Compilation-Based Execution Engine for a Database

by Ankush Rayabhari December 18, 2020

My project was to implement a compilation-based execution engine for a database. The code is located here.

Introduction

Existing database systems initially convert a SQL query to a tree of relational algebra operators and then interpret that plan. In the past, this wasn't a bottleneck as the main cost of processing data was reading and writing data to disk. Since the amount of CPU time spent processing data was negligible compared to the disk access time, the overheads of interpretation didn't play a large role.

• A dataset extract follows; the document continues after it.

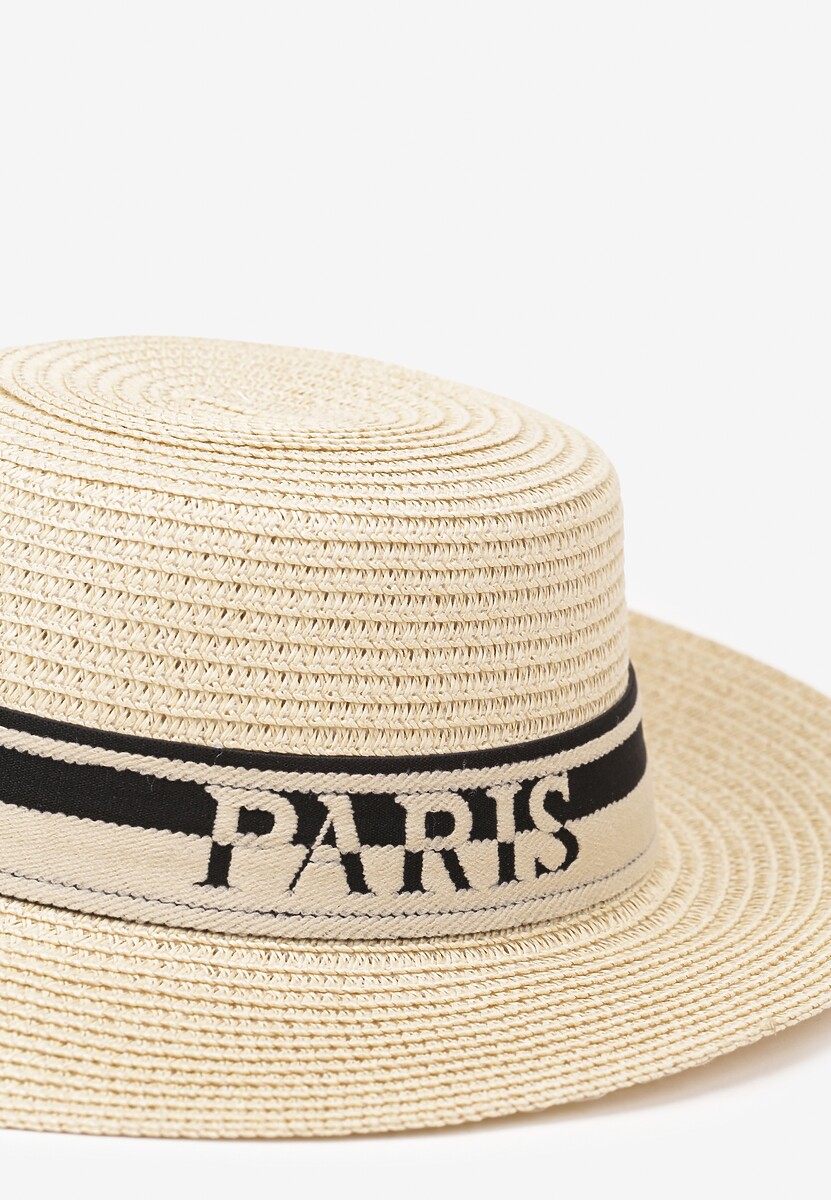 Beżowy Kapelusz z Plecionki z Tasiemką i Napisem Kollasea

Nowadays, databases have access to faster storage and large amounts of main memory which means that the CPU time spent processing data is much more valuable. As mentioned in this overview of different execution engine implementations, "To go 10x faster, the DBMS must execute 90% fewer instructions. To go 100x faster, the DBMS must execute 99% fewer instructions." To reduce the overhead of interpretation, we can directly compile trees of operators down to binary and then execute them. This projects explores implementing such a compiler.

Background

Relational Algebra

The initial step of any database is to convert SQL to a tree of relational algebra operators.

For example, this query gets converted to the following tree of operators:

SELECT * FROM A JOIN B ON a_key = b_key WHERE x > 5
Filter(
  Join(Scan(A), Scan(b), ColRef(a_key), ColRef(b_key)), 
  CompExpr(LT, ColRef(x), Literal(5))
)

The key operators needed are Scan, Select, Join and Group By/Aggregate.

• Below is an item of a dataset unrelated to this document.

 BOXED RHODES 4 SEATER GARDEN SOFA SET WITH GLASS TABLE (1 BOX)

Joins are implemented by creating a hash table of one of its inputs and then for each tuple of the other input, concatenating it with any matching tuple in the hash table. Similarly, grouping is done by maintaining a map of the group by values to a bucket that contains all values in the group. Then, each aggregation function is computed over each bucket.

Interpretation

Most existing databases use interpretation to generate the output. This is generally implemented by having a produce function for each operator. When you call it, the operator will call a produce function from its child operators which returns the next tuple (or null if it's done), process that tuple (filter by some condition, execute a map function, join data, etc.), and then return the processed tuple.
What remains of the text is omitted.